Las cosas que ocurrieron durante la sinfonía serían impensables sin el Barenboim de siempre en el podio. Lamentablemente, quien estaba sobre el podio era una sombra del que fue y de lo que fue. De repente, una trompeta entraba antes de tiempo, o el fagot o la trompa, incluso su propio hijo, Michael Barenboim, metió más de una gamba desde su posición de concertino…, o cualquier músico en cualquier momento se empeñaba en dar la nota y se destacaba sin ton ni son del conjunto. Por otra parte, por momentos el tempo, arquitectura de la música, se venía abajo paulatinamente, como si se adormeciera. En otras, Barenboim tenía arrebatos, se recuperaba y metía la directa. Con todo, cantó y contó con efusión y el mejor lirismo el bellísimo y ralentizado primer movimiento (a pesar de que el oboe en momentos se empeñaba en convertir el maravilloso Allegro non troppo en un concierto para oboe y orquesta). Fue lo mejor de la noche.
En conjunto y definitiva, un Brahms de carencias instrumentales, nacido como a borbotones, impulsos de quien ha sido uno de los grandes intérpretes de la historia, pero el tiempo, inmisericorde, no perdona.
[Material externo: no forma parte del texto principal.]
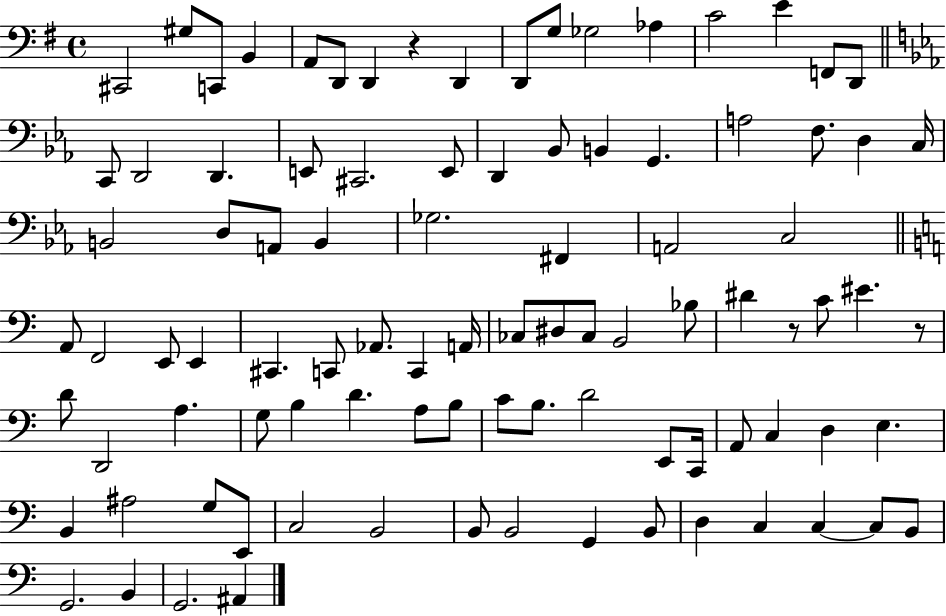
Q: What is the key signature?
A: G major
Quizá ni a los dioses. Antes, en la primera parte, otra diosa, la paisana Marta Argerich, también octogenaria pero que en el escenario todavía mantiene brillante el tipo, tuvo que cancelar por enfermedad su actuación del Concierto para piano de Schumann. El Covid tampoco condona a los dioses. Fue reemplazada por Igor Levit (1987), que cambió el concierto de Schumann por el Primero de Beethoven. Versión de hermosísimos sonidos en el teclado, de pianísimos perianescos, pero caprichosa hasta la excentricidad, con ralentizaciones –paradas incluso– de la más rancia escuela.
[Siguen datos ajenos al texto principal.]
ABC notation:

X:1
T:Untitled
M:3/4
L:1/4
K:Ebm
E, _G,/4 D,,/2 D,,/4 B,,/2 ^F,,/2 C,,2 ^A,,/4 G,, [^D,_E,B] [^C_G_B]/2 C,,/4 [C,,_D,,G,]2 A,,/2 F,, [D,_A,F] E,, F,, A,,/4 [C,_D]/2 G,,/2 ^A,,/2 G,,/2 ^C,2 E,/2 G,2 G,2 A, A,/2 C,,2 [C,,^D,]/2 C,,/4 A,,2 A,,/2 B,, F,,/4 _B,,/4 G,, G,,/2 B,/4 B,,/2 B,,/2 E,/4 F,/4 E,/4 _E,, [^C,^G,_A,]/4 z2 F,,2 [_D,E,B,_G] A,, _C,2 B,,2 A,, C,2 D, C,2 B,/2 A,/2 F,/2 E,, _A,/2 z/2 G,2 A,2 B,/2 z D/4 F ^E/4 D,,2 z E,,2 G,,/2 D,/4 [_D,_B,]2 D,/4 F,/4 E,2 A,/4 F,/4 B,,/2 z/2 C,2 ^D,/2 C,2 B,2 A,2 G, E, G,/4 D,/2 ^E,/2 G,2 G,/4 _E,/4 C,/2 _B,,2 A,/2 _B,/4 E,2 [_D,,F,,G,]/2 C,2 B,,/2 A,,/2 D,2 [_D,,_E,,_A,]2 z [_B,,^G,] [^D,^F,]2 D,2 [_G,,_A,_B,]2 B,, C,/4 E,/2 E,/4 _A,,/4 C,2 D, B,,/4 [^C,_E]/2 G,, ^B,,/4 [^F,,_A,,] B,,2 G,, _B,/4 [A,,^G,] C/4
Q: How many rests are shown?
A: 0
Sonido pequeño para un Beethoven que en la orquesta sonaba musculoso y grande, a lo Klemperer. Decepción. En la memoria, pululaba la lejana y maravillosa grabación del pianista Barenboim con el propio Klemperer. Corría octubre de 1967. Eran otros tiempos… ¡Y otro pianista! A Levit, ruso afincado casi desde siempre (1995) en Alemania, se le pudo escuchar con nitidez en la propina que tocó en solitario tras su desestructurado Beethoven: el enigmático tercero de los Tres Intermezzi opus 117 de Brahms, que él entiende con romántico paroxismo. Un concierto en el que se echó de menos a los dioses argentinos: tanto a Argerich como al Barenboim que todos admiramos y tan firmemente tenemos arraigado en lo mejor de la memoria musical. ¡Salud!